World Farmers' Organisation backs climate smart agriculture commitments
Former NFU president Peter Kendall, who now heads the World Farmers' Organisation (WFO), was also present, "to generate political will towards farmers and agriculture… and advance action on the ground that will reduce emissions and build resilience to the impacts of climate change for agriculture communities."
Kendall said, "Farmers are on the frontline of the climate change agenda. Farmers are not only directly impacted by climate change, but are also vital in implementing solutions we need to in order to adapt and mitigate.
"Farmers, especially women farmers, have daily interaction with the environment. Thus farmers are key drivers in the development of sustainable agricultural practices that provide food and renewable materials to support livelihoods. We must reposition farmers at the centre of the agriculture sector to become more resilient to climate risks."

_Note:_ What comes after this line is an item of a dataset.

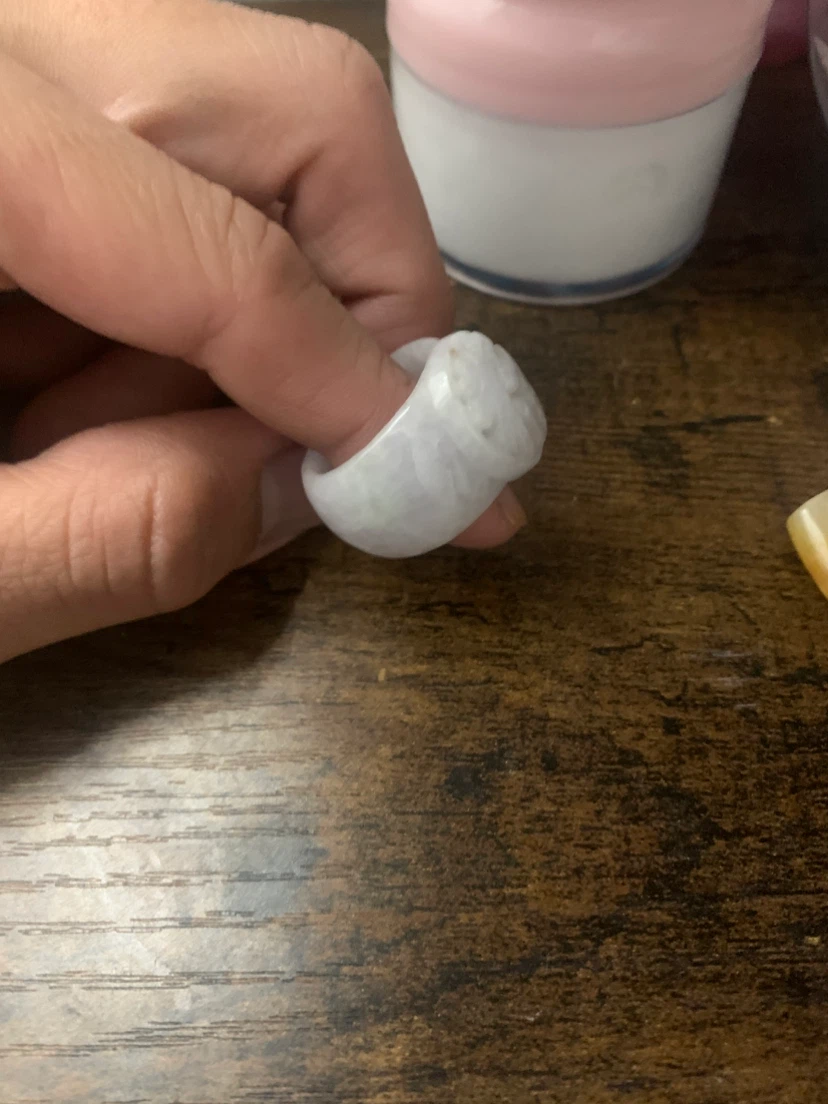 Natural jade size 8 and 8 1/4 - photo 4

WFO took part in the UN Secretary-General's launch of the Global Alliance for Climate-Smart Agriculture at the Summit. Climate-Smart agriculture (CSA) is a set of agricultural practices, polices and research priorities that leaders hope will allow farmers to achieve both adaptation and mitigation benefits.

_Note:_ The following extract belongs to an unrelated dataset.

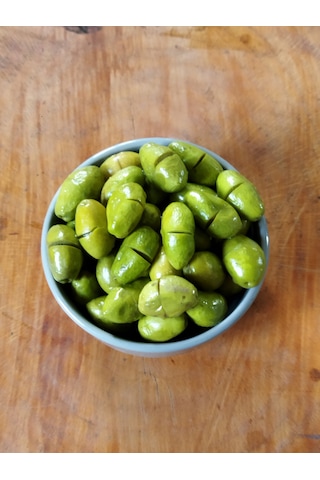 Etik Yerli Ürünler Çekiçke Eğri Çekirdek Cinsi Küçük Boy Kırma Tatlanmış Zeytin 3 KG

The WFO president said, "Farmers are often marginalized in global policy dialogues on agriculture-related matters. The UN could play a significant role to strengthen farmers’ involvement in such political discussions.” "

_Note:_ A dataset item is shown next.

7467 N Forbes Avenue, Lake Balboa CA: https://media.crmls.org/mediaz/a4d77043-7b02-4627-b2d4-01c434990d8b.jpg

"Agriculture, climate, food security, and poverty reduction are inextricably linked," he continued. "Farmers, especially in developing countries, need the support of research centres to become more resilient to adapt to climate change, and to ensure higher crop yields. WFO highly supports the role of extensions and rural advisory services."
Mr Kendall called for voluntary schemes to reward farmers for switching to beneficial practices that could sequester carbon in soils or improve water quality, adding that he wanted to see an "incentive-based approach… as opposed to a penalty-based approach" to changing practices. He added that farm-based renewable energies, including biogas, but also biomass and biofuels, had a part to play in shifting from a fossil-fuel based economy.
Although the high-level meetings in New York were intended only to catalyse action ahead of concrete commitments which must be agreed on in Paris next year, after the disastrous Copenhagen Summit in 2009, campaigners were still highly sceptical of the pledges and the progress claimed by those leading the talks.
Dipti Bhatnagar, International Climate Justice and Energy coordinator with Friends of the Earth, said, "The Climate Summit was a fool's paradise out of touch with the climate emergency we are facing. The finance pledges tabled at the Summit had no specifics, no timelines, and nothing saying if they are about new and additional climate finance or simply aid pledged in the past and diverted from its original destination."
Dipti Bhatnagar continued, "The energy companies' pact is a purely voluntary pact: they are not under obligation to disclose their emissions. This pact is just one additional half-baked corporate measure, a drop in the ocean when it comes to saving the climate. But it will surely help companies greenwashing their dirty image."
FOE Europe's climate and energy campaigner Susann Scherbarth added, "What we need is a true energy transformation with people at its heart, which means getting away from vested corporate interests and investment in fossil fuels, and instead supporting community-controlled renewable energy."